The main goal of this study is to examine the ability of the SVM-PSOIWO method to estimate CEC. As a second perspective, a comparison was done between the proposed method and existing methods.

2 Materials and methods

2.1 Case study and data description

The soil physical and chemical data obtained from two field sites, namely Taybad (latitude, 34.6983° N to 34.7000° N; longitude, 60.7667° E to 60.7817° E) and Semnan (latitude, 35.5667° N to 35.5816° N and longitude, 53.4667° E to 53.4817° E), were used in this study (Emamgolizadeh et al. 2015). The area of each site was approximately 400 hectares. Two hundred and fifty soil samples were taken from each site from the top 30 cm of the soil profile. Soil samples randomly and with appropriate distribution were taken from 500 locations in two study sites. The distance between soil sampling points was between 100 and 400 m.
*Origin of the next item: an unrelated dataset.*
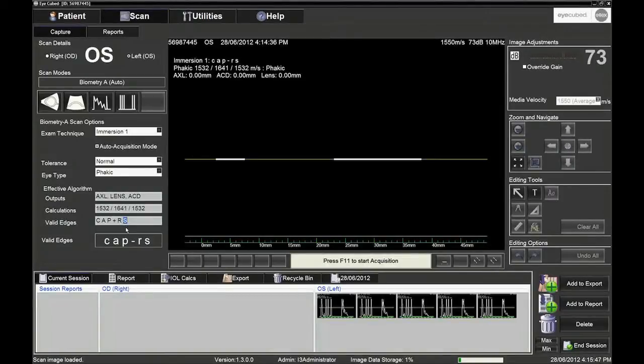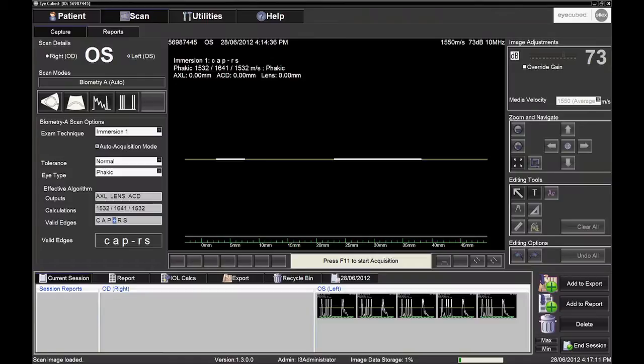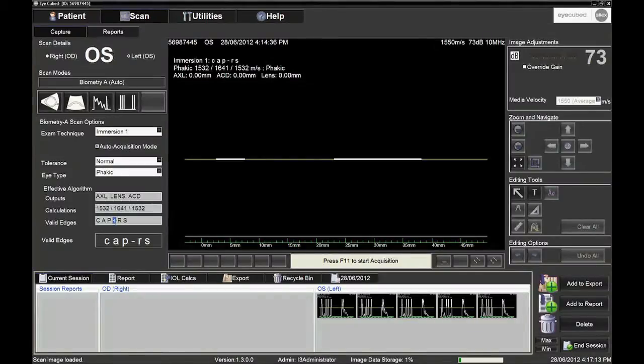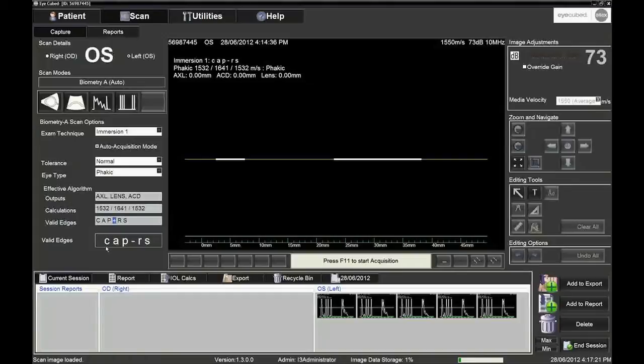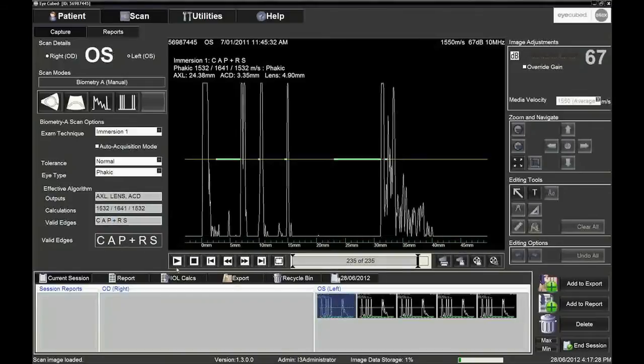The plus sign will be present between the P and R showing that the retinal echo is sharply rising and that the sound beam is perpendicular to the retinal surface. The operator should observe these letters. If any of them appear in lower case, the corresponding echo spike does not fill the recognition criteria of the system.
Cation exchange capacity (CEC) determined by Bower’s method (Sparks et al. 1996). Also, soil texture, OM percentage, and pH were measured by hydrometer technique (Gee and Bauder 1986), the Walkley–Black approach (Walkley and Black 1934; Nelson and Sommers 1982), and pH-meter, respectively. According to the USDA soil classification criteria, the study area has two types of Entisols and Aridisols (USDA, soil taxonomy 2010). Table 1 indicates a summary of the statistical characteristics of the data. To examine the ability of models to predict the CEC, the whole data sets consisted of 500 experimental data points of organic matter (OM), pH, clay, and soil cation exchange capacity (CEC) split into two categories of training and testing based on simple random sampling approach. Overall, 80% of data (N = 400 data points) considered for training, and 20% of the remaining data (M = 100 data points) for testing (see Fig. 1).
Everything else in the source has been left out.